Resilient Controller Design with Exponential Reaching Law for Enhanced Load Frequency Stability in Multi-Area Interconnected Microgrids
Md Saiful Islam, Rahul Bhadani
TL;DR
The paper tackles load frequency control in multi-area interconnected microgrids with substantial renewable penetration by proposing a decentralized robust global integral terminal sliding mode controller (GITSMC) equipped with an exponential reaching law, enabling finite-time convergence under bounded disturbances. It constructs a detailed area-wise state-space model with integrated PV and WT disturbances and a lumped uncertainty term $\sigma_i$, then designs a global integral terminal sliding surface $\Theta_i(t)$ and a two-part control law $\mu_i(t)=\mu_{eqi}+\mu_{swi}$ to suppress chattering and ensure rapid convergence using Lyapunov analysis. Validation on the IEEE 39-bus New England four-area system under varying load and renewable scenarios shows substantial reductions in squared-error metrics (ITSE, ISE) and faster stabilization of both frequency and tie-line power compared with a PI controller, demonstrating enhanced robustness and transient performance. The work advances robust, decentralized LFC design for renewable-rich microgrids and points to future enhancements via adaptive inertia, learning-based control, and hardware-in-the-loop testing for real-world deployment.
Abstract
We present a load frequency control strategy deploying a decentralized robust global integral terminal sliding mode control (GITSMC) method to maintain stable frequency and tie-line power in multi-area interconnected microgrids with aggregated uncertainties. To achieve this, firstly, we have developed a mathematical model of the multi-area interconnected system incorporating disturbances from solar photovoltaic (PV), wind turbine (WT) generation and load demand, as aggregated uncertainties.

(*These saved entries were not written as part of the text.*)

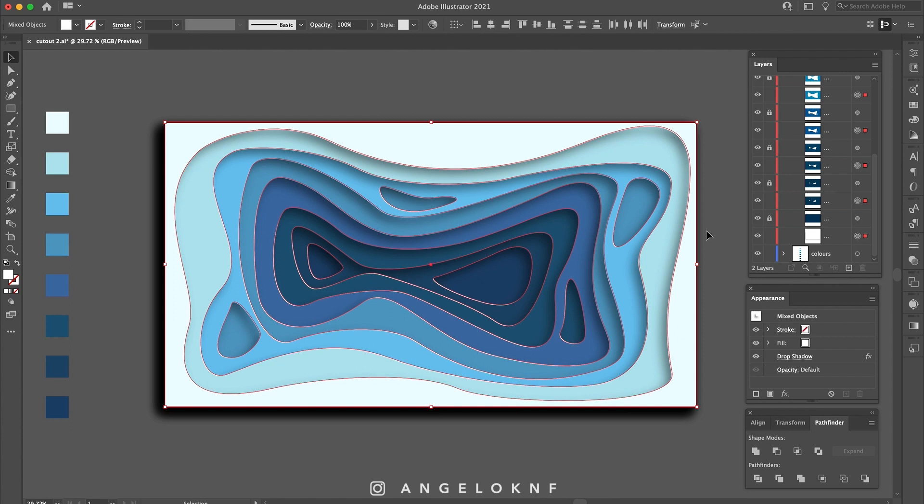Now you can crop the design by changing the size of the artboard using the Artboard Tool and Export.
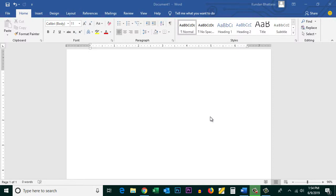If you want to change the direction of text in Microsoft Word, let us see some ways by which we can do it. The first way by which you can change the direction of the text is by using a text box.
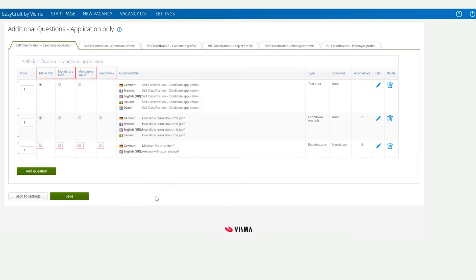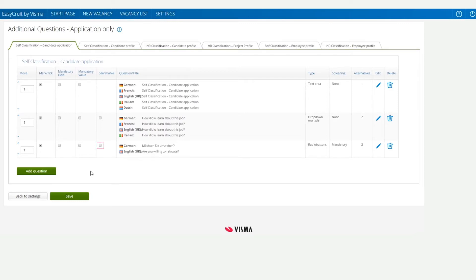At the top of this column we can see what these boxes are for. We will tick the Mark tick box because we want the question to be included in the list of available questions for managers to include whilst creating vacancies. If we tick the Mandatory Field, this will make the question appear on all applications. If we tick Mandatory Value, answering the question will be mandatory for the candidates. If we tick Searchable, our new question will become searchable criteria when running advanced search in the candidate search page.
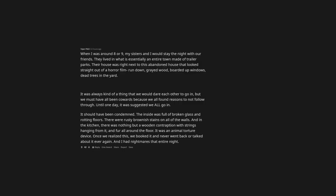When I was around 8 or 9, my sisters and I would stay the night with our friends. They lived in what is essentially an entire town made of trailer parks. Their house was right next to this abandoned house that looks straight out of a horror film rundown, great wood, boarded up windows, dead trees in the yard. It was always kind of a thing that we would dare each other to go in, but we must have all been cowards because we all found reasons to not follow through. Until one day, it was suggested we all go in. It should have been condemned. The inside was full of broken glass and rotting floors. There were rusty brownish stains on all of the walls. And in the kitchen, there was nothing but a wooden contraption with strings hanging from it, and fur all around the floor. It was an animal torture device. Once we realized this, we booked it and never went back or talked about it ever again. And I had nightmares that entire night.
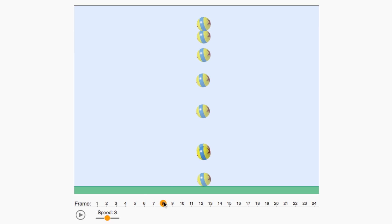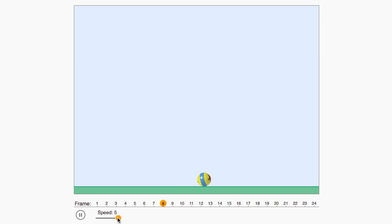Keep going like this one frame at a time. When you're done, press play to see your animation. Now let's see what you can come up with.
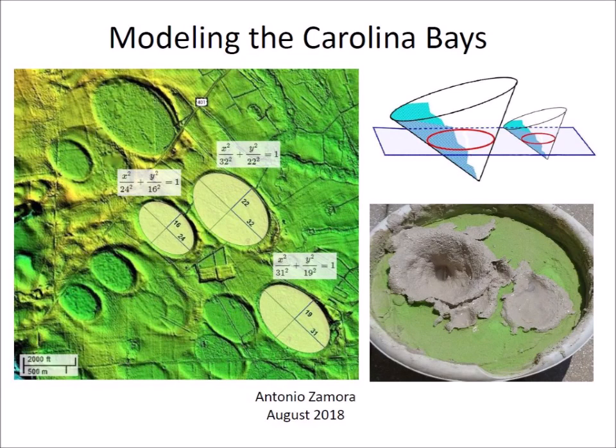Modeling the Carolina Bays. Hello, I'm Antonio Zamora. In this video I present various physical models that have been proposed to explain the formation of the Carolina Bays.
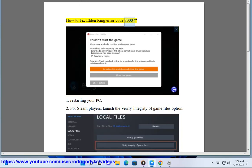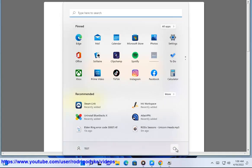How to fix Elden Ring Error Code 3007. 1. Restarting your PC.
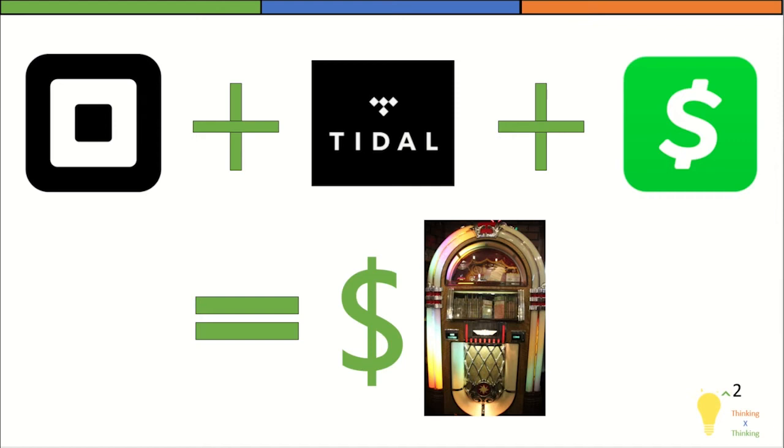Hello everyone, this is Paul and welcome to Thinking Squared. Today I'm going to try to do a little bit more of a free flow presentation with less editing. We'll see how it goes.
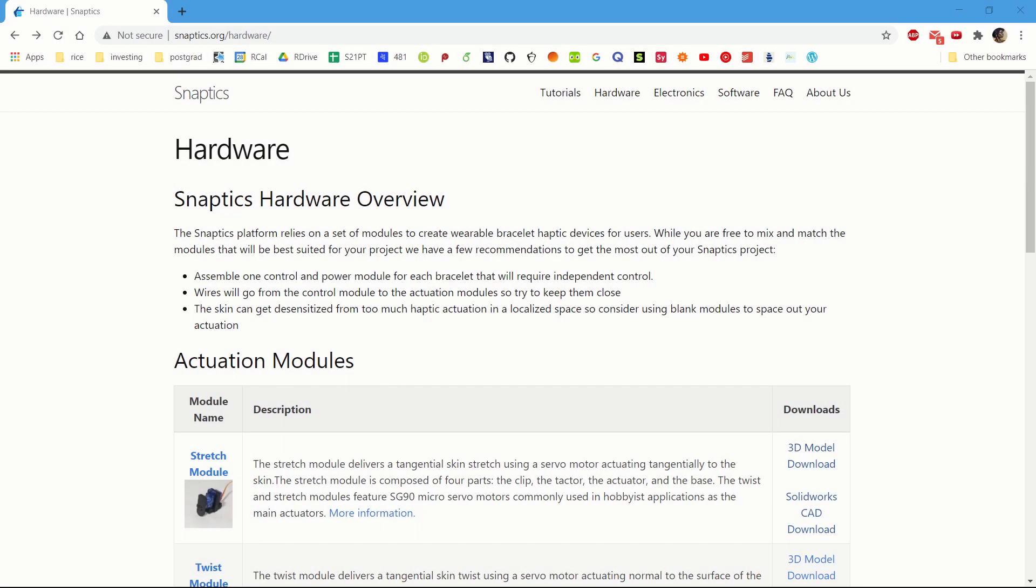Welcome to Snapticks. How to convert from solid part to STL. In this tutorial, I'll be running you through how to download solid part files from our website and convert them to STL files.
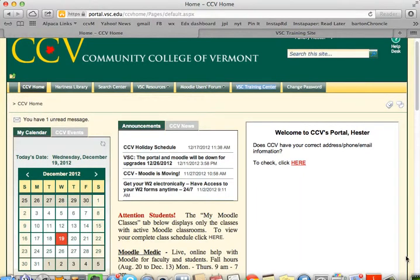Hi everybody and welcome. This is the first of several videos for curriculum committee co-chairs showing you the SharePoint team space or organization that's been created in the CCV portal for your committee to use.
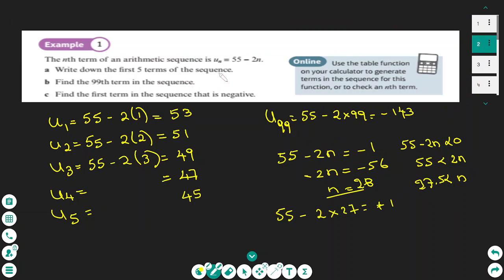In this exercise the rule of the sequence is 55 minus 2n and we want to find the first five terms. To find the first five terms is easy — we use values of n starting from 1. When n equals 1 the term is 53; when n equals 2 it is 51, and so on. You can see the sequence is decreasing by 2 every time.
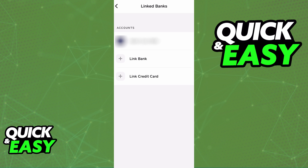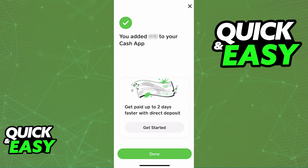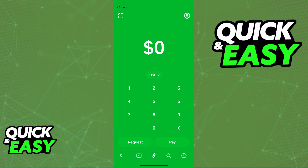With the Bank of America account properly linked to CashApp, you can now go back to the home screen, tap on your balance and add cash using Bank of America as the source of the transaction, or alternatively cash out and send money from CashApp to your Bank of America account. As long as the account appears under your Linked Banks and you don't remove it, it will be available as a source or destination for any transfers you make through CashApp.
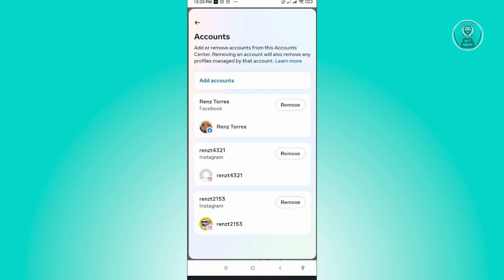So to actually remove the accounts, you just need to click on the remove button that you see on your screen and you'll be able to remove the account.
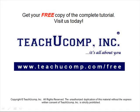Get your free copy of the complete tutorial at www.teachucomp.com forward slash free.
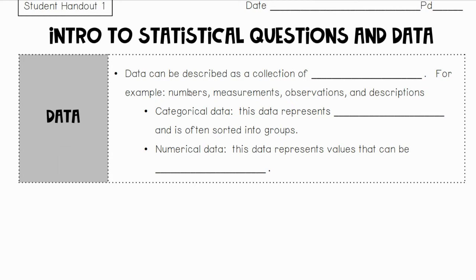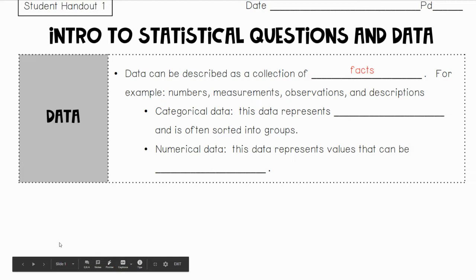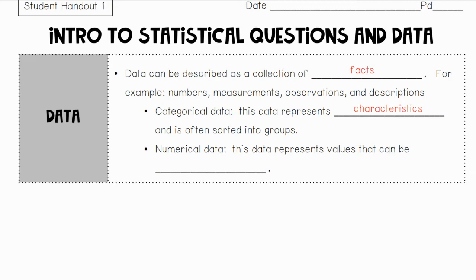Data can be described as a collection of facts — for example, measurements, observations, and descriptions. Categorical data represents characteristics, and it's often sorted into groups, so you're taking information and categorizing it. For instance, grapes and apples are not the same fruit, so they would be in separate categories, but they're similar because they're both fruits.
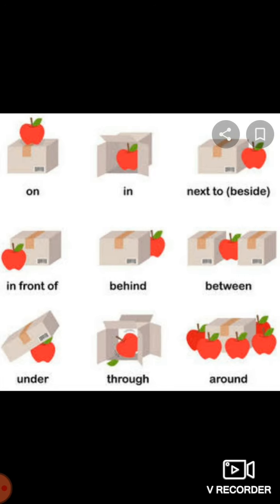We can see the same things with the apple also. In the first picture it is on the box, in the next it is in the box, then it is next to or beside the box, in the next it is in front of the box, then it is behind, then it is between. In the next it is just under the box. In the next picture the box is open from both sides, so anything that can go from one side to another — we use 'through'. It is not in the box right now; it is just through the box. In the last picture, the apples are around the box.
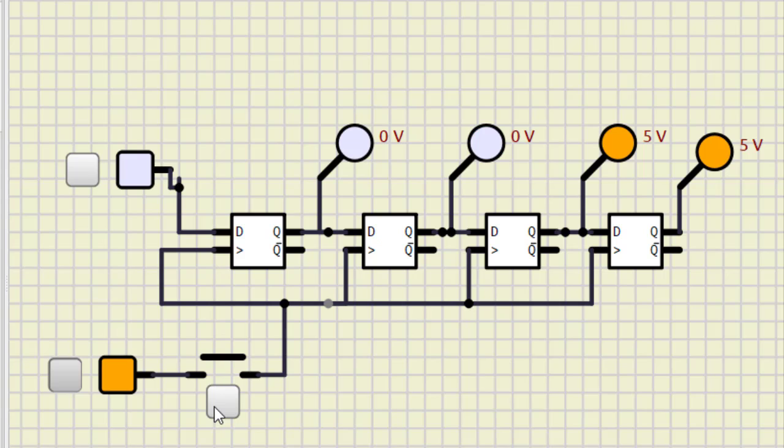So this is how the shift register works. That's all for this particular session. Thanks for watching.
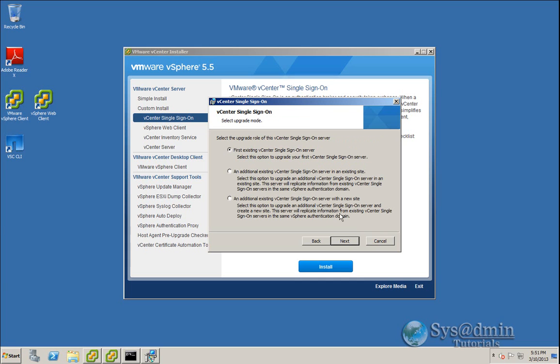Now vCenter single sign-on you can install in a few different ways. The way that I've installed it is just a single sign-on server. You can install it in a type of HA environment with additional SSO servers. So just select the option of your SSO installation. Mine's the first one, first existing vCenter single sign-on server. I'll click Next.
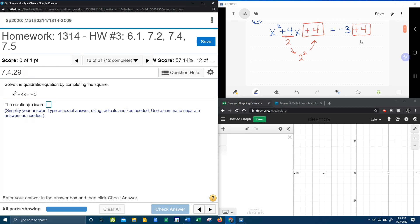Now let's see what we've got. We've got x squared plus 4x plus 4 equals negative 3 plus 4 is 1.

Secondly, we have designed a global integral terminal sliding surface with an exponential reaching law for each area to enhance system dynamic performance and suppress chattering within a finite time. Thirdly, the overall stability of the closed-loop system is analyzed using the Lyapunov stability theorem. Finally, extensive simulations are conducted on the IEEE 10-generator New England 39-bus power system, including load disturbances and variable PV and WT generation. The results demonstrate the performance of the proposed GITSMC approach, achieving approximately 94.9% improvement in ITSE and 94.4% improvement in ISE, confirming its superior accuracy and dynamic performance compared to the existing controller.